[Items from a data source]
══════

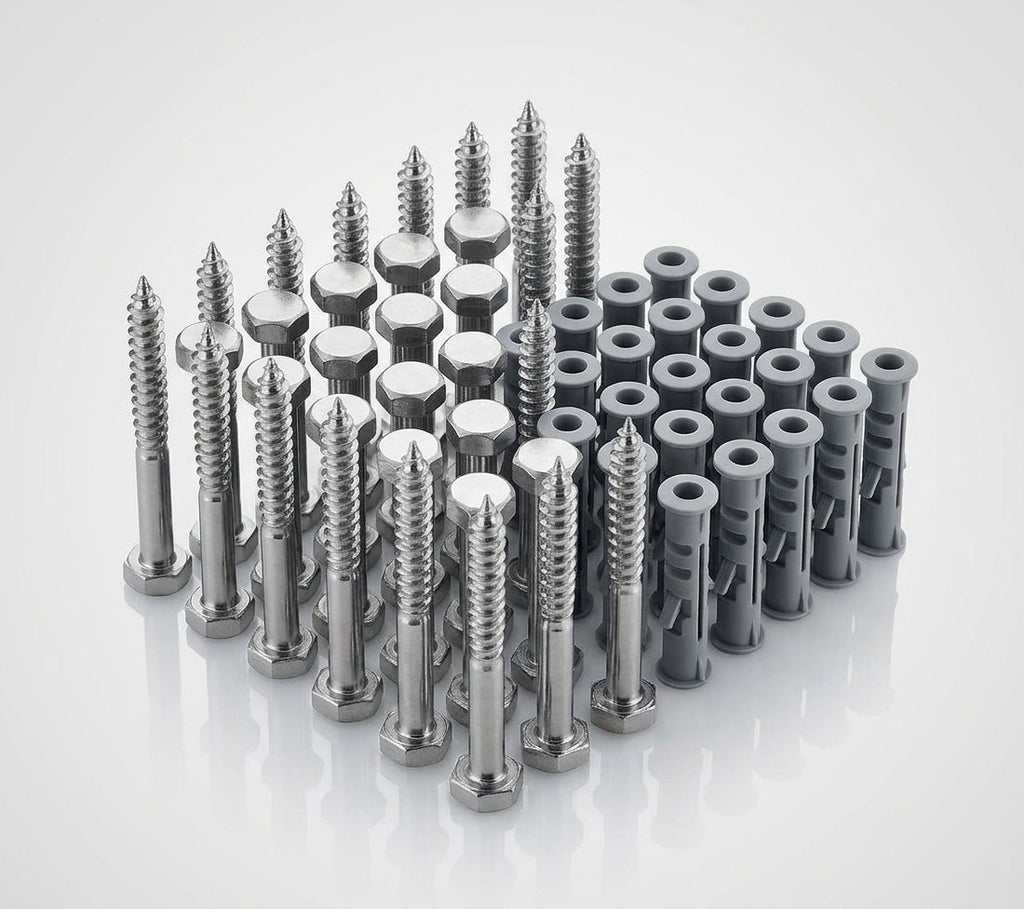 M8 x 70mm Hex Head Coach Screws, Stainless Steel (Pack of 50) (view 2)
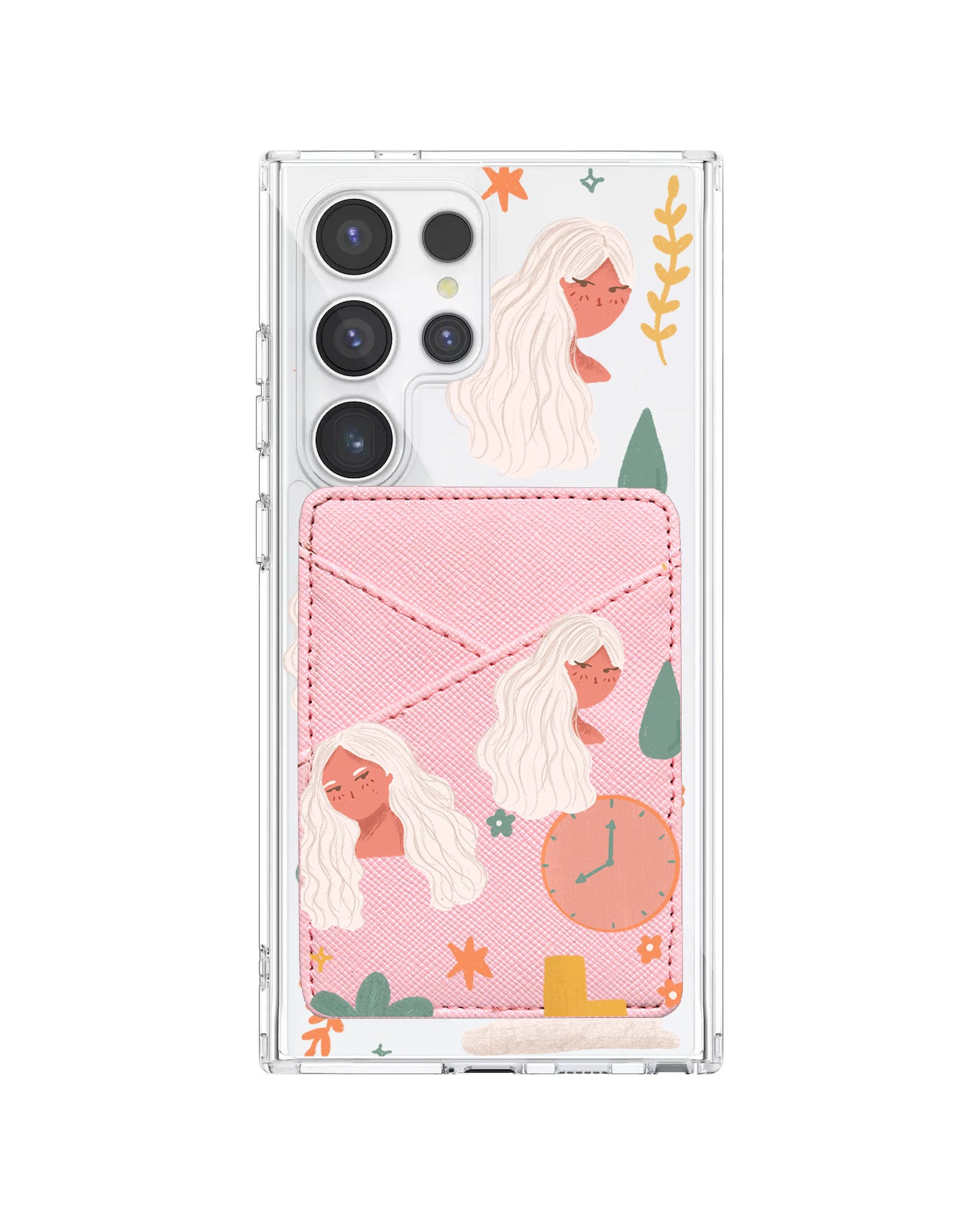 Android Phone Wallet Case - Adara's World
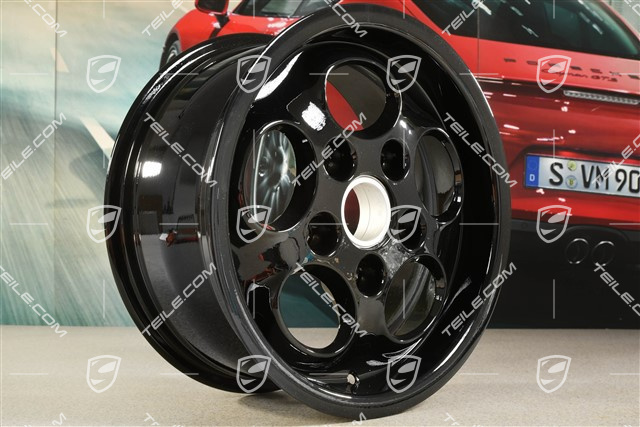 15-inch wheel "Telefon", 7J x 15 ET23,3, black high gloss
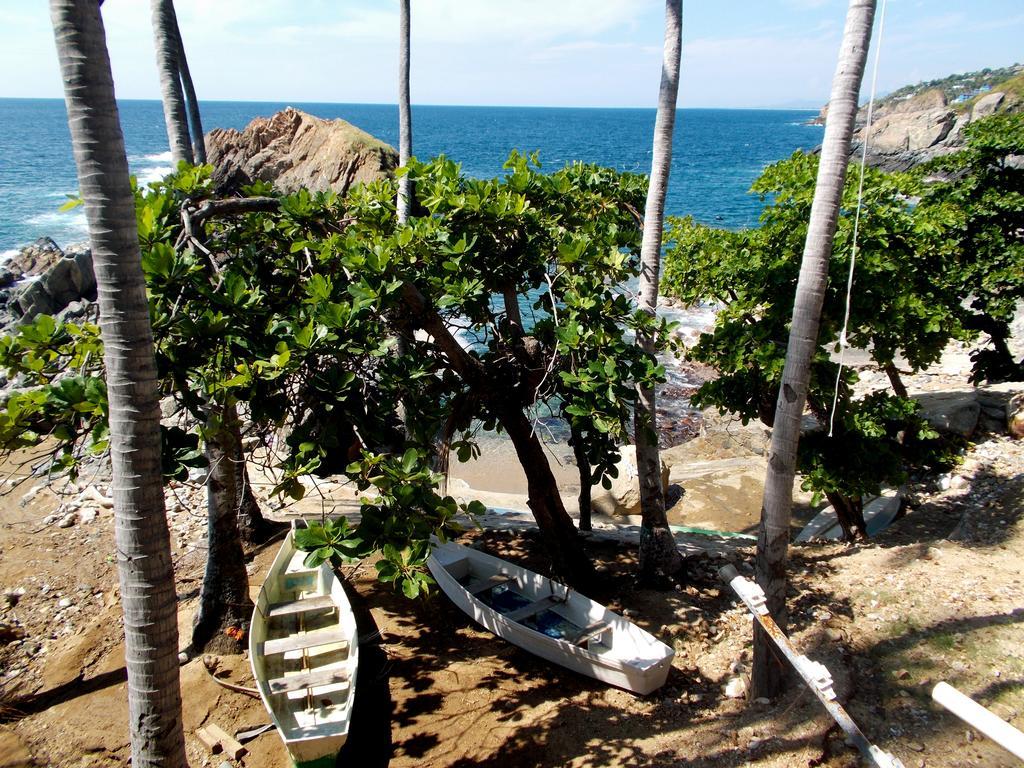 Cocos Camp Hotell Acapulco Exteriör bild
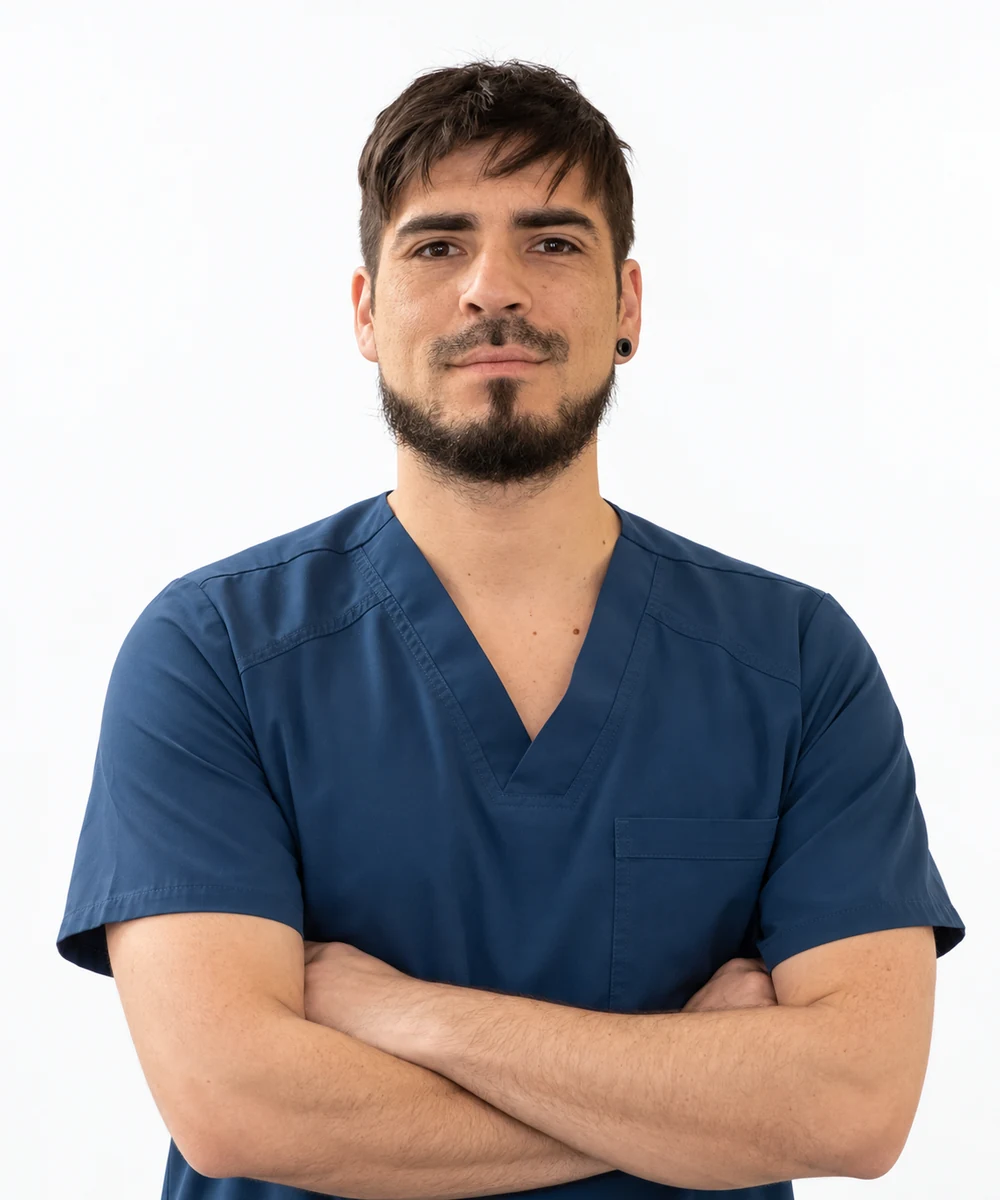 Alejandro Lorca Avendaño, fonoaudiólogo del Centro Médico Cedimed en Copiapó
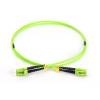 Digitus DK-2533-03-5 sz&aacute;loptik&aacute;s k&aacute;bel 3 M LC I-V(ZN) HH OM5 Green DK-2533-03-5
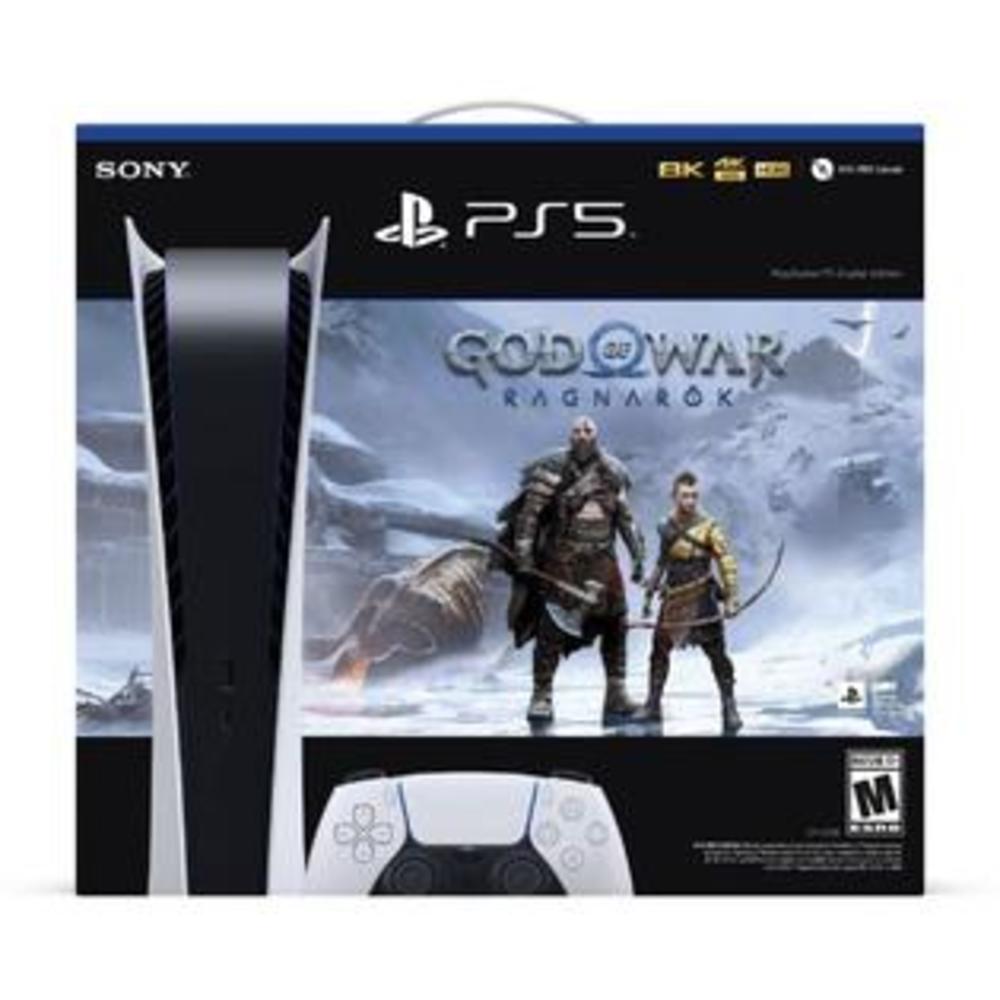 Sony PlayStation 5 Digital Edition Console God of War Ragnarok Bundle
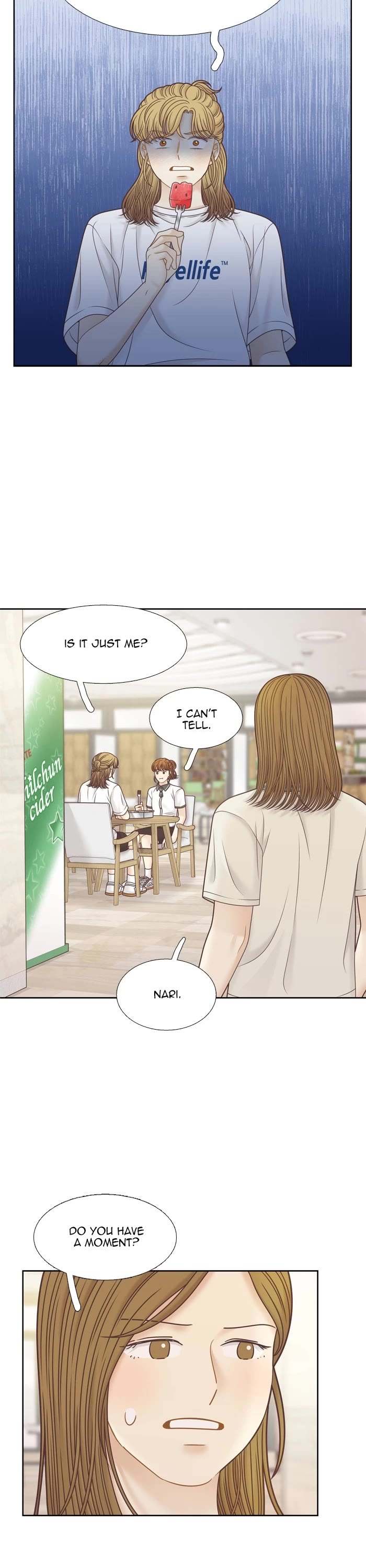 Girl's World Chapter 381 page 22 - Chapter 381: 380 - PART 2.165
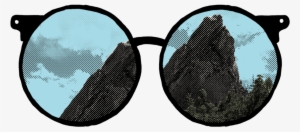 Glasses - Eye Shadow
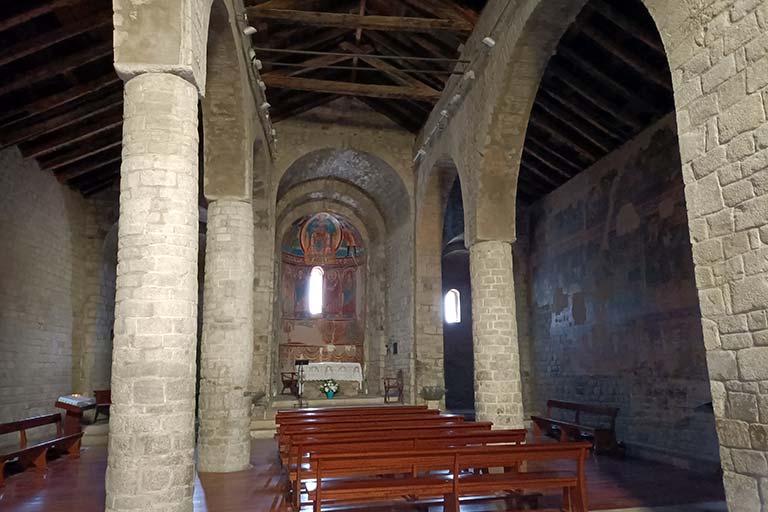 Santa Maria de Taull, Vall de Boi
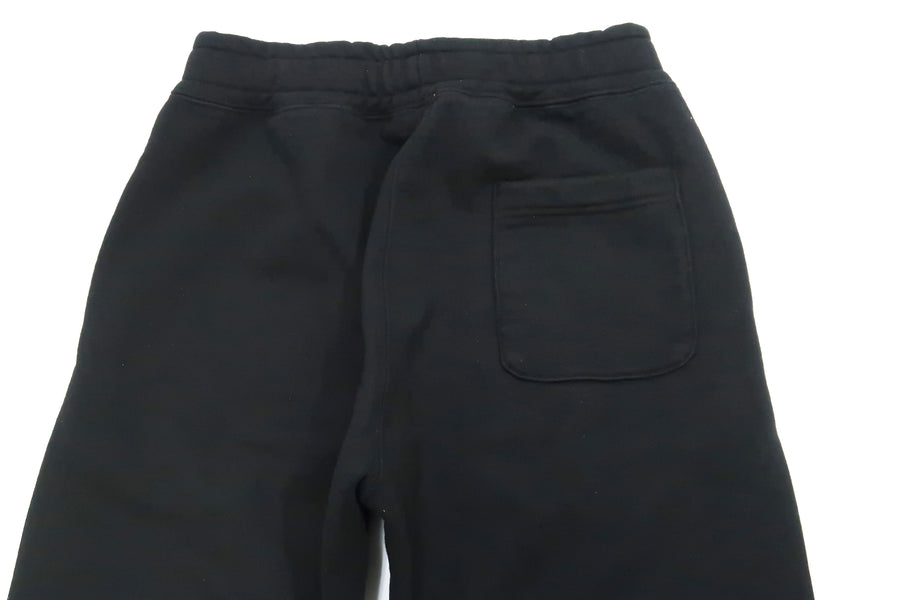 Whitesville Sweatpants Men's Drawstring Waist Sweatpants with Elastic Cuff WV49036 119 Black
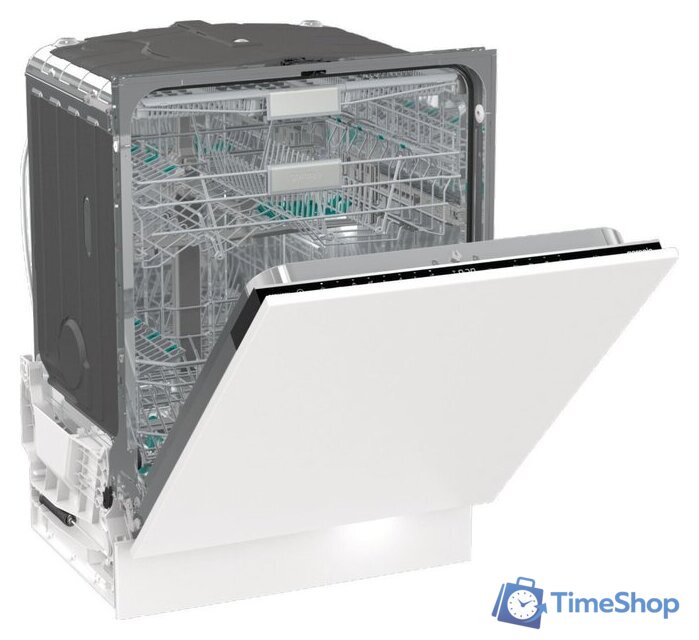 Встраиваемая посудомоечная машина Gorenje GV693C60UV - Изображение №7 — Интернет-магазин Time-Shop
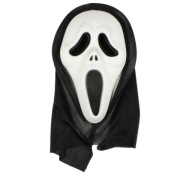 KRÍČIACA MASKA S HALLOWEENSKOU KRÍČOVOU MASKOU KUKÚČOU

══════

## Task to complete
All lines from the one containing "Alejandro Lorca Avendaño, fonoaudiólogo" to the last line of the data above, both included, should be printed exactly, and the pictures should not appear.

## Expected answer
 Alejandro Lorca Avendaño, fonoaudiólogo del Centro Médico Cedimed en Copiapó
 Digitus DK-2533-03-5 sz&aacute;loptik&aacute;s k&aacute;bel 3 M LC I-V(ZN) HH OM5 Green DK-2533-03-5
 Sony PlayStation 5 Digital Edition Console God of War Ragnarok Bundle
 Girl's World Chapter 381 page 22 - Chapter 381: 380 - PART 2.165
 Glasses - Eye Shadow
 Santa Maria de Taull, Vall de Boi
 Whitesville Sweatpants Men's Drawstring Waist Sweatpants with Elastic Cuff WV49036 119 Black
 Встраиваемая посудомоечная машина Gorenje GV693C60UV - Изображение №7 — Интернет-магазин Time-Shop
 KRÍČIACA MASKA S HALLOWEENSKOU KRÍČOVOU MASKOU KUKÚČOU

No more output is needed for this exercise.